It is always a sad day when a significant children’s
literature author passes, and this week was a sad one when we said good-bye to
Nelle Harper Lee. Going under the penname of Harper Lee, she will always be
remembered as an American author who wrote one of the most recognized titles in
the United States and showed the world what living in the South was like.
Of course made famous by her Pulitzer–Prize-winning book To Kill A Mockingbird, Lee is an influential author who taught us about
racial inequality and injustice during our grade-school years—the book is still
widely part of the American elementary education curriculum. Since its
publication, the book has been translated in 40 languages and continues to sell
in record numbers.
But what about this novel read by a young audience makes it
so profound? One scholar Gregory Jay states: “The consensus interpretation of
the novel, generally confirmed by how it has been taught in schools, focuses on
the moral lesson of empathy as the cardinal virtue and urgent program of racial
liberalism”—but that is not all. Jay states that not only is this novel a
prevalent didactic tool of antiracist morality, but “Recently, this consensus
has been interrupted by critical analyses of ‘sexual otherness’ in the novel
and its many sly ways of subverting gender normativity.” He comments that
perhaps there is more behind the stereotyped portal of blacks, and
objectification of their subjectivity demonstrates another command of the white,
heteronormative, dominant culture that comes from looking at the
“destabilization of heterosexuality,” a close reading that looks beyond the
more common anti-racist campaign.
Also, as seen in Graeme Dunphy’s article “Meena's
Mockingbird: From Harper Lee to Meera Syal,” post-colonial reading of Lee’s
works have allowed new books that deal with childhood experiences surrounding
racism, such as Anita and Me, the opportunity to show a way of
overcoming obstacles of oppression through its narrative. Dunphy connects the
titles stating, “The world is seen through the eyes of a young girl as she is
growing up, and the strength of both authors is the skill with which they
parody their respective juvenile vernaculars” (643). Dunphy turns our attention, as readers, to the innocence and naivety presented within a youthful and inexperienced
narrator’s perspective. This allows each book to present the reader with harsh
sociological challenges that, through the eyes of a child, suggest the irony of
how books can teach diversity and respect for all through such a perspective—a demonstration of childhood
innocence as a segue into the harsh realities of society.

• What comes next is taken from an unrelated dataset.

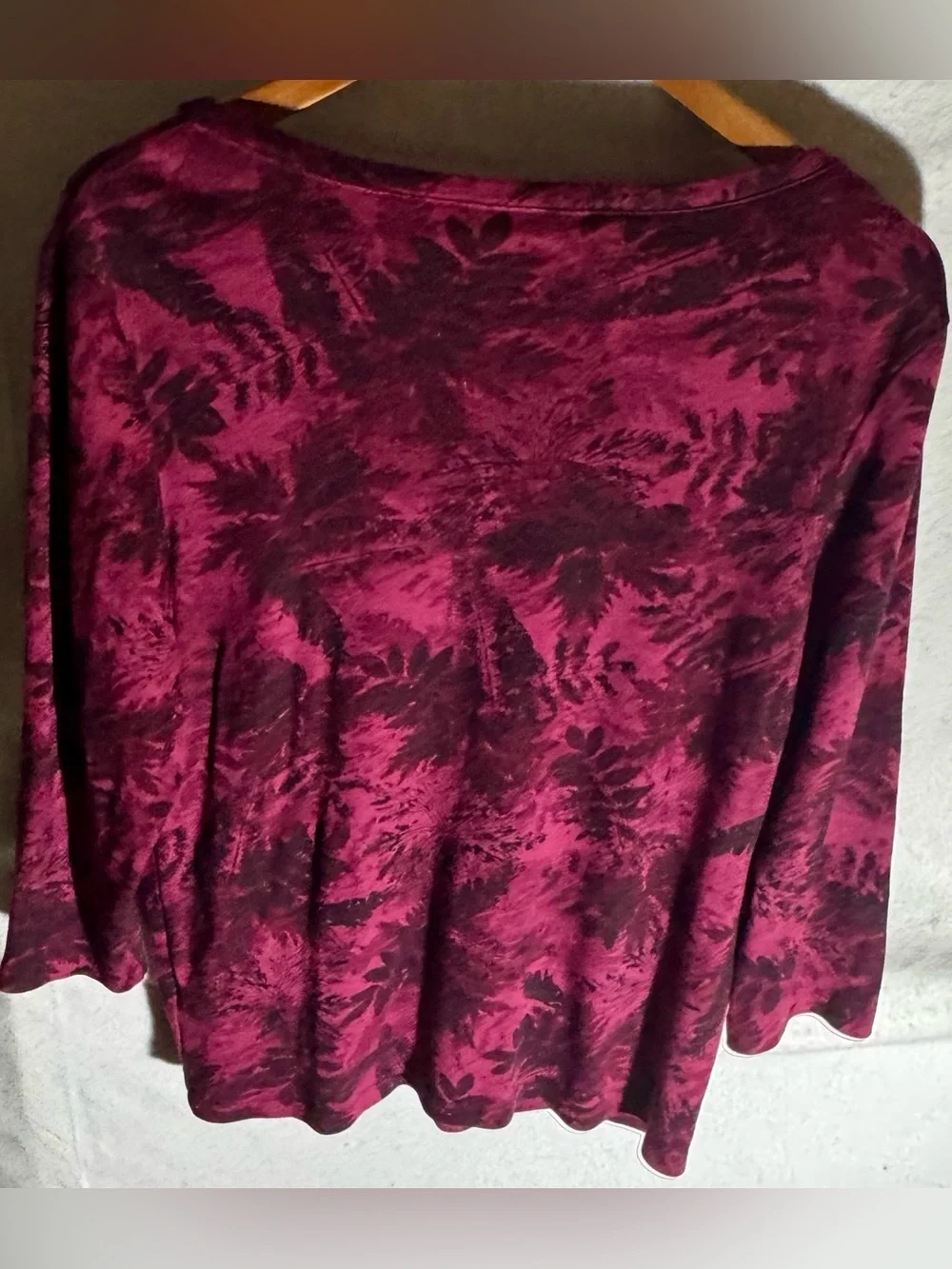 Karen Scott Burgundy Leaf Print Henley Top 3/4 Sleeve Size L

And while there are many interesting ways to look and talk
about Lee’s historic and influential work, the fact remains that there is a
sense of timelessness that one finds with To
Kill A Mockingbird and the lessons on empathy that it attempts to promote.
So maybe not all didactic texts are taking away from the childhood experience,
because what Harper Lee’s work does is expose childhood innocence as a way of
productively working through social issues and pushing for positive and
open-minded outlooks into future generations.
Notes:
Dunphy, Graeme.
"Meena's Mockingbird: From Harper Lee to Meera Syal." Neophilologus, 88.4 (2004): 637-659.
Gregory, Jay.
“Queer Children and Representative Men:
Harper Lee, Racial Liberalism, and the Dilemma of To Kill a Mockingbird”.
American Literary History. 2015. 27: 487-522.